Boogie Down Productions was one of those collectives that seemed to have a core along with a cast of collaborating role players that appeared and disappeared during the group's tenure. Some of these collaborators would include Heather B, Mad Lion, Channel Live, Harmony and Ms. Melodie among others. Most would agree that at the center of BDP were Scott LaRock, KRS-ONE and D-Nice. As most know, LaRock was killed shortly after the release of "Criminal Minded," what some may not know is necessarily why. The story varies some depending on who you ask and where you look, but when I read Brian Coleman's "Check The Technique: Liner Notes for Hip-Hop Junkies" KRS-ONE recalled the incident stating that D-Nice was being targeted by some hood who had accused him of trying to talk to his girlfriend. Scott took D-Nice up to where the guy was staying in the Bronx River Houses and squashed the beef. Some people across the street started to shoot from a window, basically ambushing their Jeep and Scott was the only one hit. D-Nice called KRS to inform him of what was going on and he didn't believe it until D started cursing at him.

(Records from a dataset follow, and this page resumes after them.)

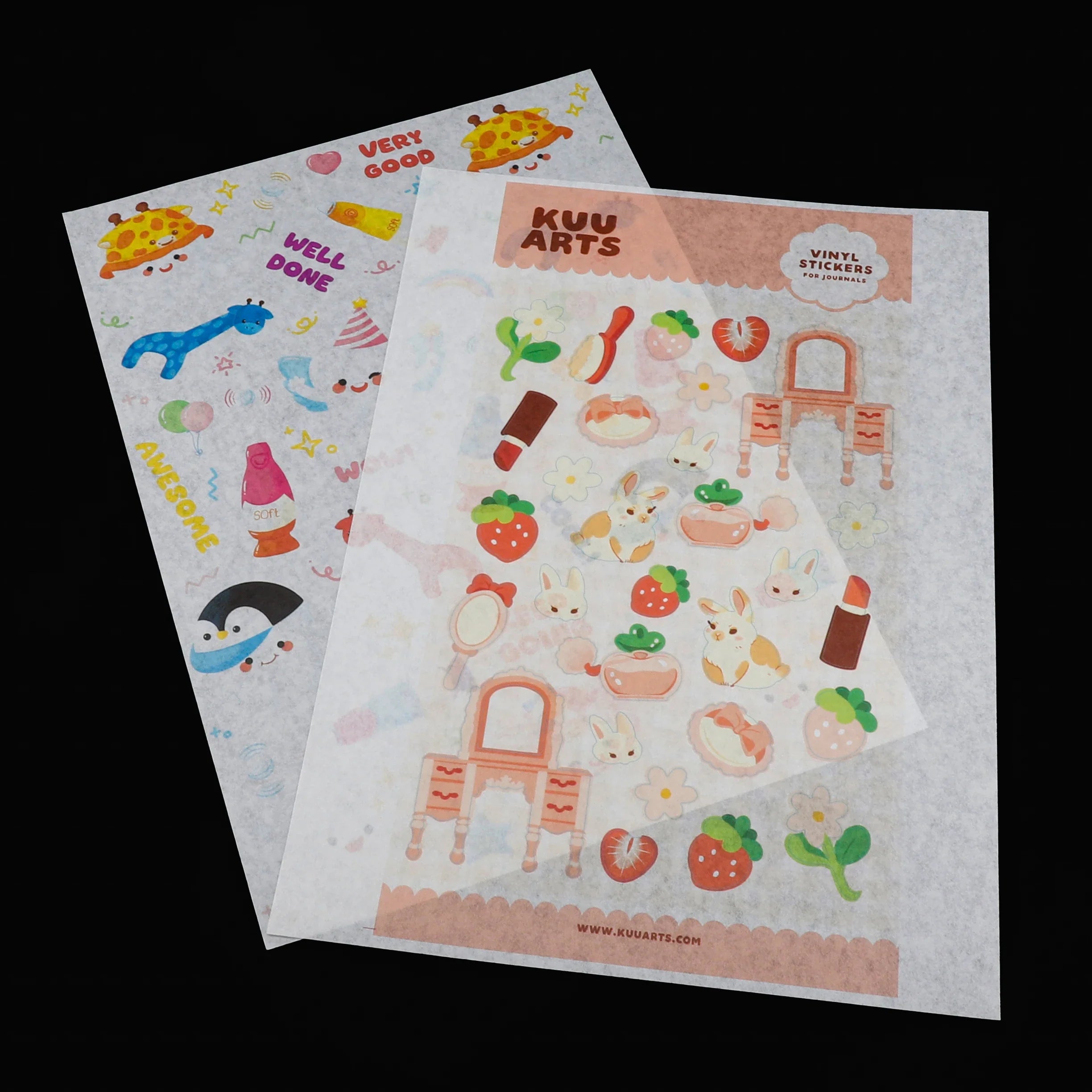 Wholesale Inkjet Printable 8.5x11 A4 Adhesive Japanese Washi Paper Sticker Sheets With Plastic Clear Backing for Inkjet Printer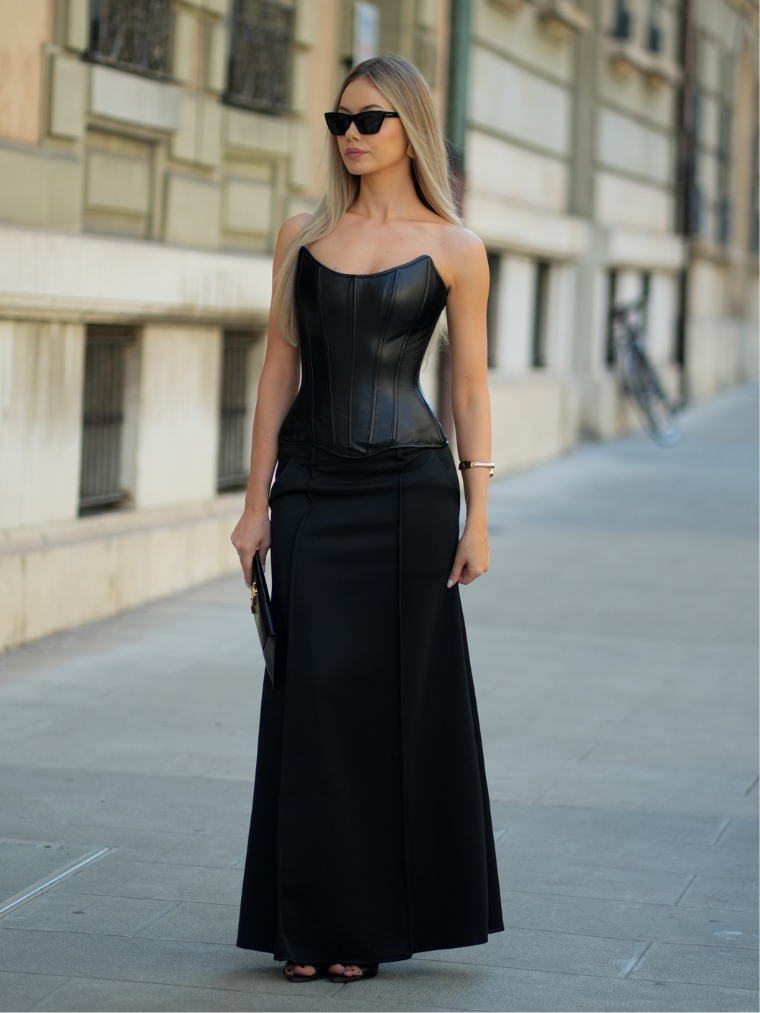 Aurora Straight Sculpt Skirt
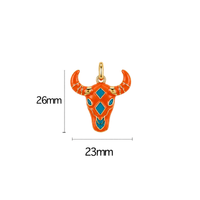 Enamel Bull Head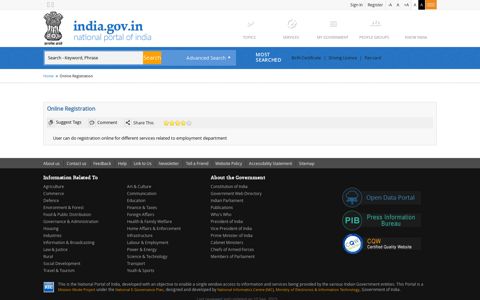 Online Registration | National Portal of India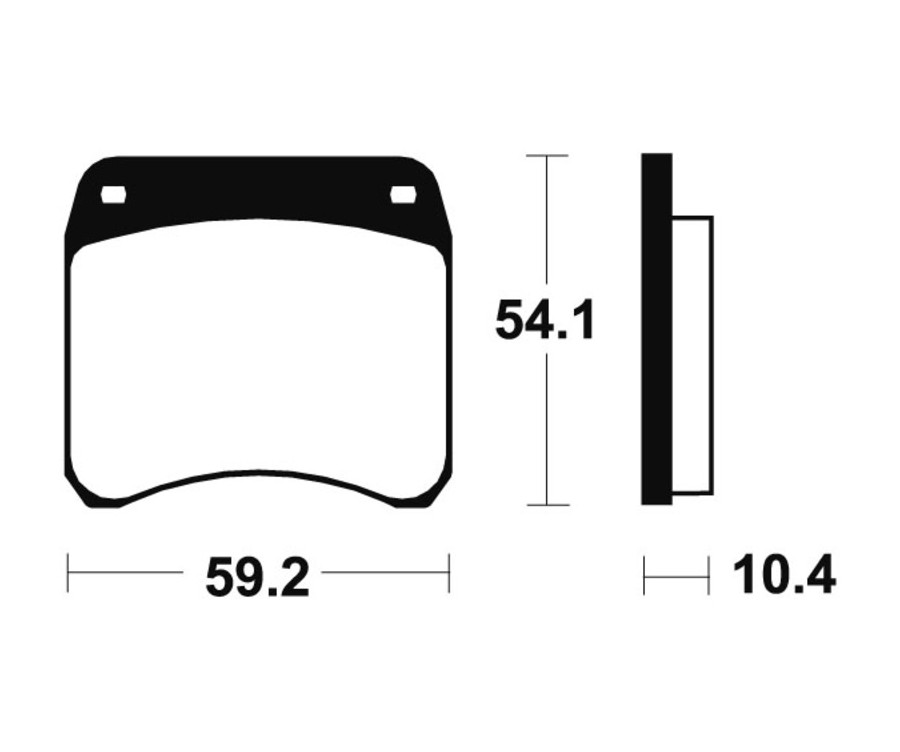 Plaquettes de frein TECNIUM route organique - MA23 - 1022430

After BDP's "By All Means Necessary" and "Ghetto Music: The Blueprint of Hip-Hop," the multi-talented D-Nice decided to give it a go on his own with "Call Me D-Nice" in May of 1990, shortly before BDP's "Edutainment" would hit the streets. Powered by the timeless title track, the album peaked at #75 on the Billboard charts and showed the hip-hop community that he could thrive outside of the shadow of Boogie Down Productions. Things open up with the braggadocios "Crumbs On the Table" before going into the monstrous aforementioned title track:
"My name is D-Nice although I hate to admit it
Taking out you suckers and you don't know how I did it
See every episode remains in this mode
Very cool, very calm, there's no sweat in my palm
I just pick up the mic, proceed wit a song
I get right to the point, my competition's not long
It's like a sport hanging in the middle
But now if you're puzzled, let me kick the whole riddle
That my name is Derrick and if I didn't mention
D-Nice is just a description
It describes the kid on the mic
I'm the TR-808, huh, but just call me D-Nice"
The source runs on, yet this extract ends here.